Although the individual who made the improvements may be compensated, land improvements such as permanent crops or trees that are placed on land that will eventually return to the family also become part of the reverted property. In the past, a maternal uncle's son would inherit riches and power from his sister, but this tradition has now changed to one that is largely patrilineal.

==Marriage==
An initial Kutu dowry (vilana) was required before marriage arrangements could be finalised through an intermediary (msenga). The bride's and groom's family received an equal share of this sum. The average bride price in the 1950s was between ten and one hundred and twenty shillings. Earlier payments were frequently made in installments and frequently involved goods like fabric, chickens, salt, tobacco, and hoes, but today's transactions are conducted in cash.

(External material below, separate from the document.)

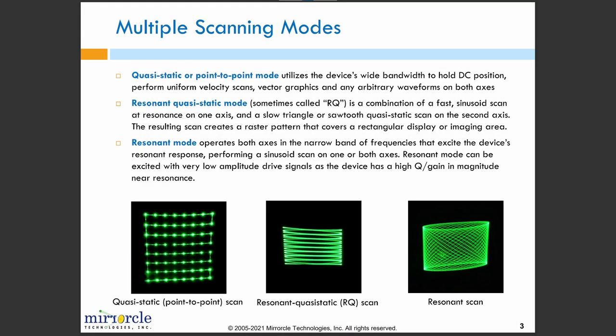The last mode is resonant mode, which is exactly what we showed previously on the X axis, but now both axes will be driven near resonance. Since we will be coupling two sinusoidal waveforms, we can specify the parameters of our function through a Lissajous function.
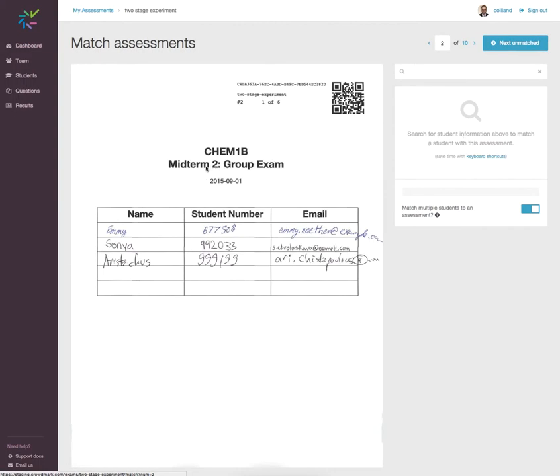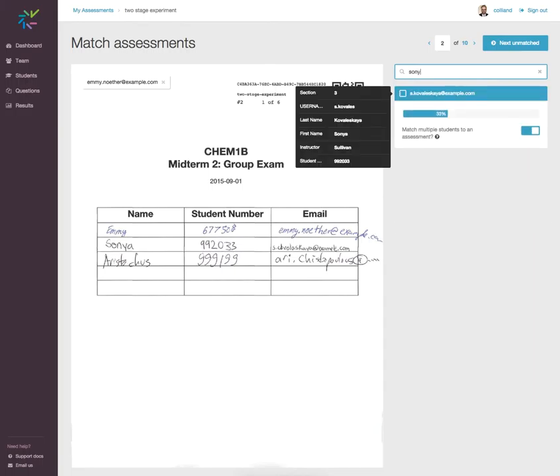I start typing the student identity number for Emmy Noter, and I have associated Emmy to this particular assessment. Now if I start typing Sonia, I see that I have associated Sonia to the assessment.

Women who remarried received a significantly smaller bridewealth.⁣

==Economy==
In addition to selling tobacco in inland areas and caravans, the Kutu people also sell cotton and kapok seeds today. They probably rely on maize and sorghum as their primary food sources. In addition to hunting and fishing, they raise a few sheep, goats, and chickens.

== Religion ==
Most Kutu are Muslim. A mosque and a Quranic school can typically be found in most Kutu villages.

==19th Century Cultural practices==
The Kutu traditionally filed their front teeth, adorned their chests with intricate scarifications, and wore grass kilts paired with leather loincloths or shoulder covers. Some now-abandoned Kutu cultural customs were followed: children whose upper teeth appeared first were either abandoned at crossroads or given to strangers, while twins and breech babies were put to death. Persistent criminals, including habitual thieves, were sold into slavery.

Government representatives called as akidas represented the Kutu throughout the German colonial era. They had two sultans at first during British administration, but both roles were subsequently combined into one post. Following Tanzanian independence, this sultanate system was eventually abolished in 1962.